JOHN PORRETTO

The Associated Press

Exxon Mobil Corp. on Thursday reported its lowest profit in nearly six years, a 66 percent plunge from the second quarter a year ago as the world's biggest publicly traded oil company confronted sharply lower crude and gas prices and anemic demand for refined products.

For the king of corporate profit records, it marked the third straight quarter for lower year-over-year earnings, providing a clear picture of how demand for oil and gasoline has evaporated.

Exxon Mobil, based in Irving, Texas, said earnings for the April-June period came to $3.95 billion, or 81 cents a share. That was down from $11.68 billion, or $2.22 a share, a year ago, a record at the time.

Excluding one-time items, net income in the most-recent quarter amounted to $4.09 billion, or 84 cents a share.

The latest result missed the average Wall Street profit forecast by a wide margin. Analysts polled by Thomson Reuters were looking for net income of $1.02 cents a share. Those estimates typically exclude one-time items.

Revenue fell 46 percent to $74.5 billion from $138.1 billion a year ago. Analysts, on average, had forecast revenue of about $71.3 billion, Thomson Reuters said.

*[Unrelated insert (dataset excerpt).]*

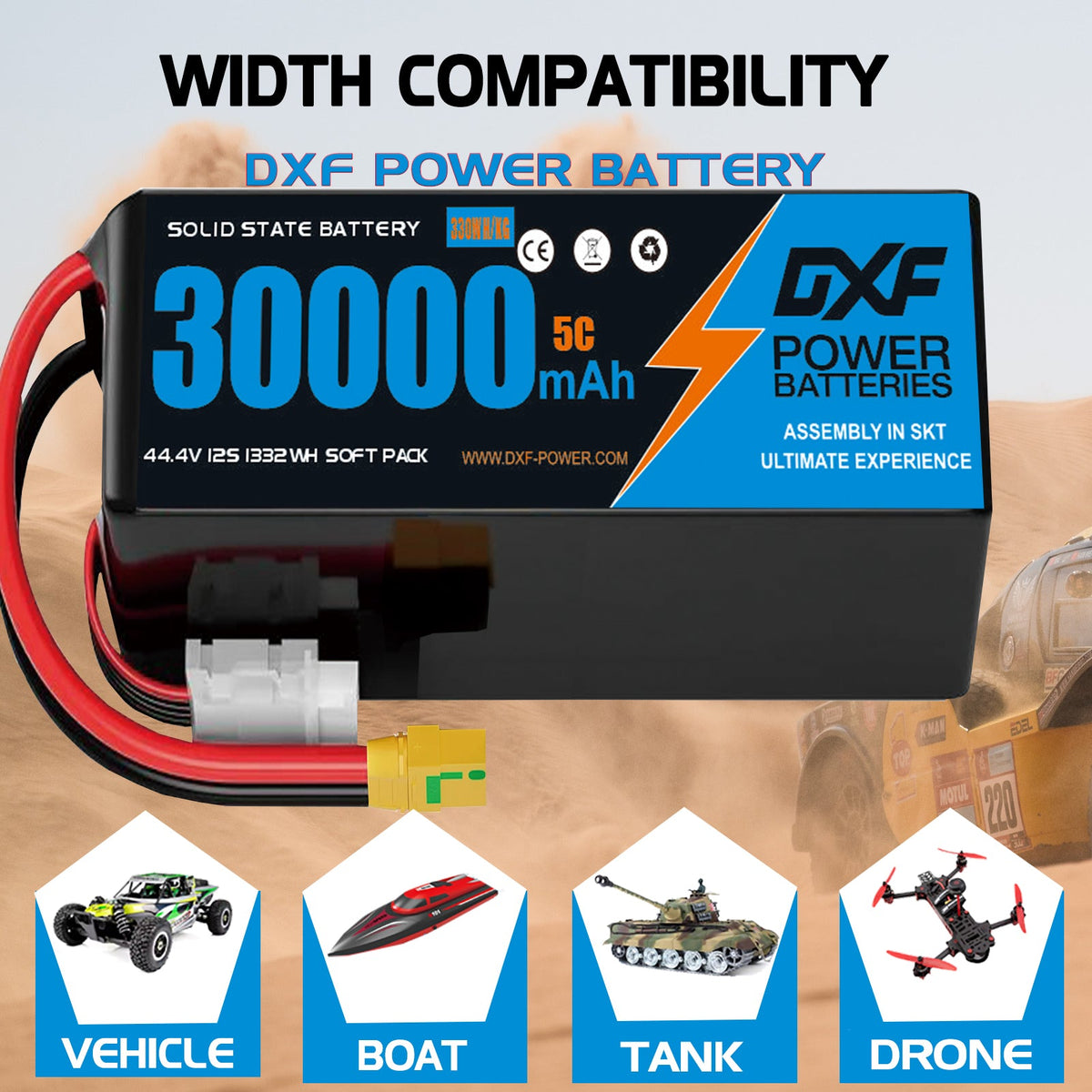 DXF SEMI-SOLID 12S 44.4V 30000mAh 5C Soft Case LiPo Battery with 8AWG Wire for Toy Cars, Boats, UAVs & Drones (1-6 Pack)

The substantial profit falloff was no surprise given the steep drop in oil and natural gas prices from a year ago. Major integrated oil companies ConocoPhillips, BP and Royal Dutch Shell already have reported profit declines ranging from 53 percent to 76 percent for the second quarter.

Yet the size of Exxon's decline is sure to catch investors off guard. It marked the company's lowest quarterly showing since it earned $3.65 billion in the third quarter of 2003.

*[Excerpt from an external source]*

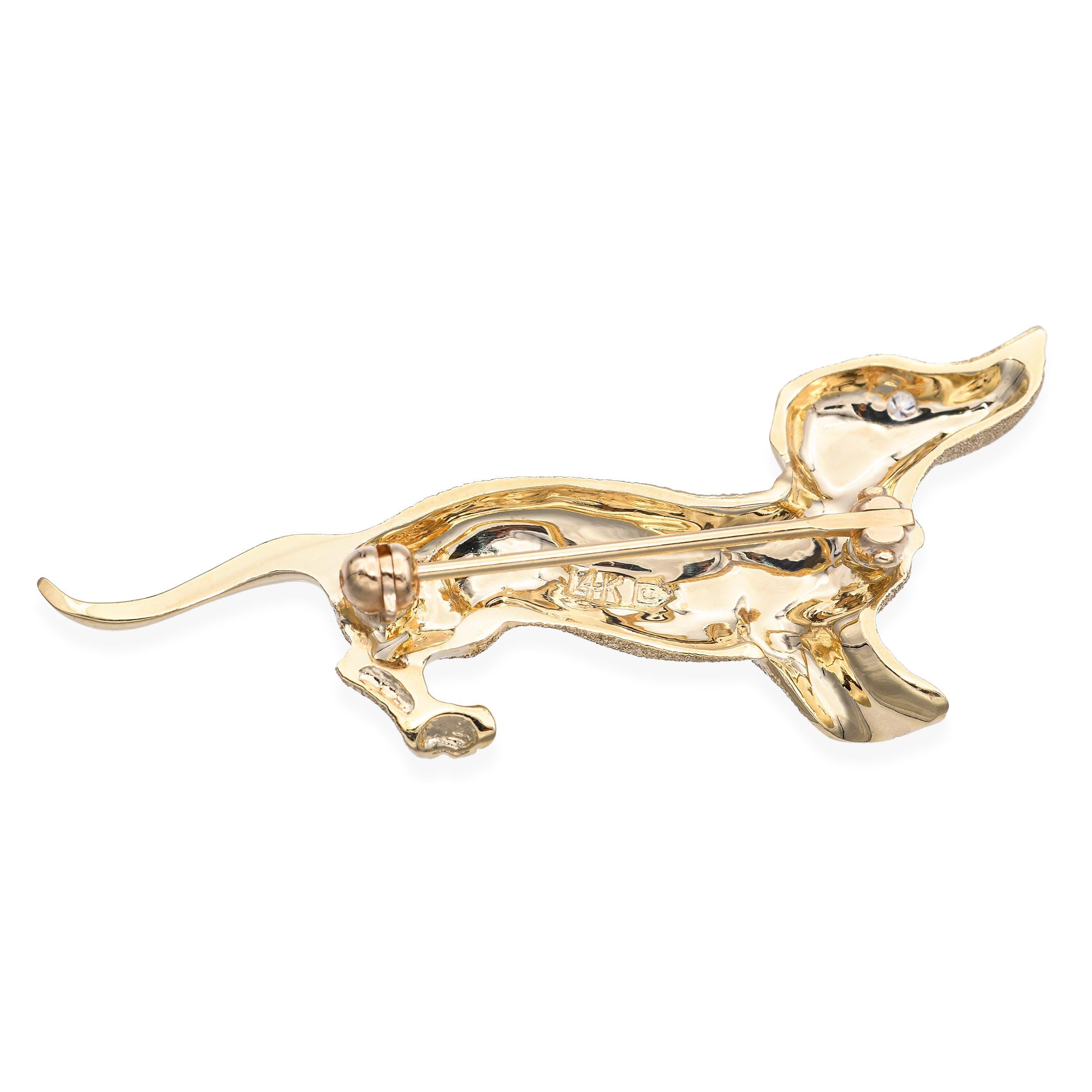 Spilla vintage per cane bassotto in oro giallo 14k e diamanti In condizioni buone in vendita a New York, NY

Company shares fell 78 cents to $70.65.

This time last year crude was in the triple digits after a historic ride to almost $150 a barrel. Prices eventually dipped into the $30s in January but have doubled in recent months amid some signs of recovery from the worst recession in a generation.

Still, the amount of unused oil held in storage right now is enormous.

The government reported Wednesday that another 5 million barrels of oil was added to U.S. stockpiles last week. That's nearly 18 percent greater than the amount of crude in storage at this time last year.

"Global economic conditions continue to impact the energy industry both in the volatility of commodity prices and reduced demand for products," Exxon Mobil Chairman and CEO Rex Tillerson said in a statement.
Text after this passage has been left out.